- **What you need to do**
Restate every line below word for word, but drop each picture.

═════ Data shown ═════

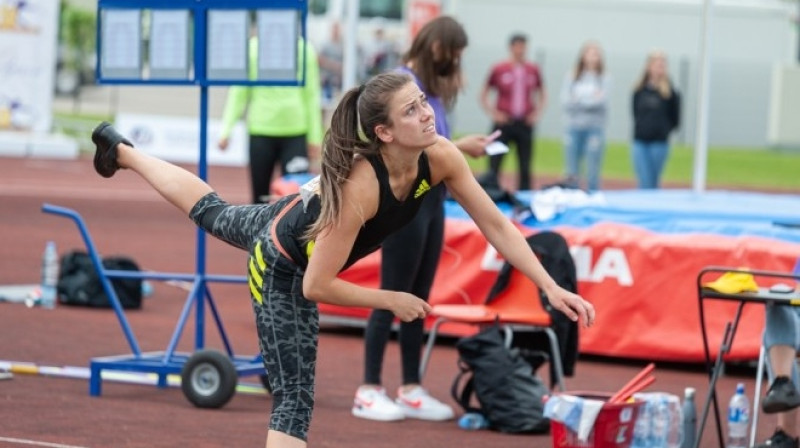 Anete Kociņa. Foto: Ruslans Antropovs, zz.lv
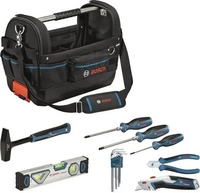 Bosch Professional Combo Kit GWT 20 und Handwerkzeug-Set - 1600A02H5B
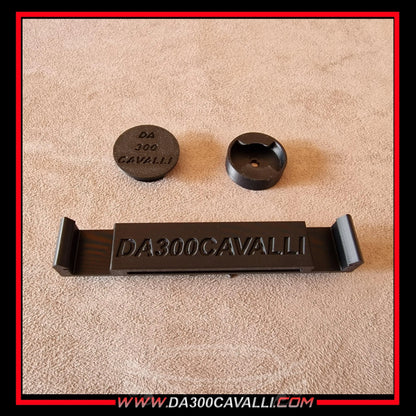 Porta Targa A Sgancio Rapido — Da300Cavalli — foto 4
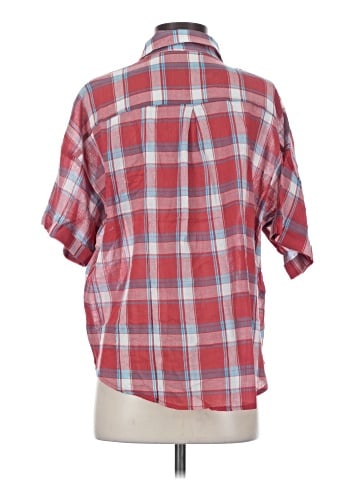 Freebird Short Sleeve Button-Down Shirt (view 2)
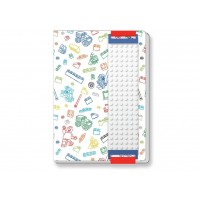 Agenda LEGO alba 51525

═════

- **Answer below**
 Anete Kociņa. Foto: Ruslans Antropovs, zz.lv
 Bosch Professional Combo Kit GWT 20 und Handwerkzeug-Set - 1600A02H5B
 Porta Targa A Sgancio Rapido — Da300Cavalli — foto 4
 Freebird Short Sleeve Button-Down Shirt (view 2)
 Agenda LEGO alba 51525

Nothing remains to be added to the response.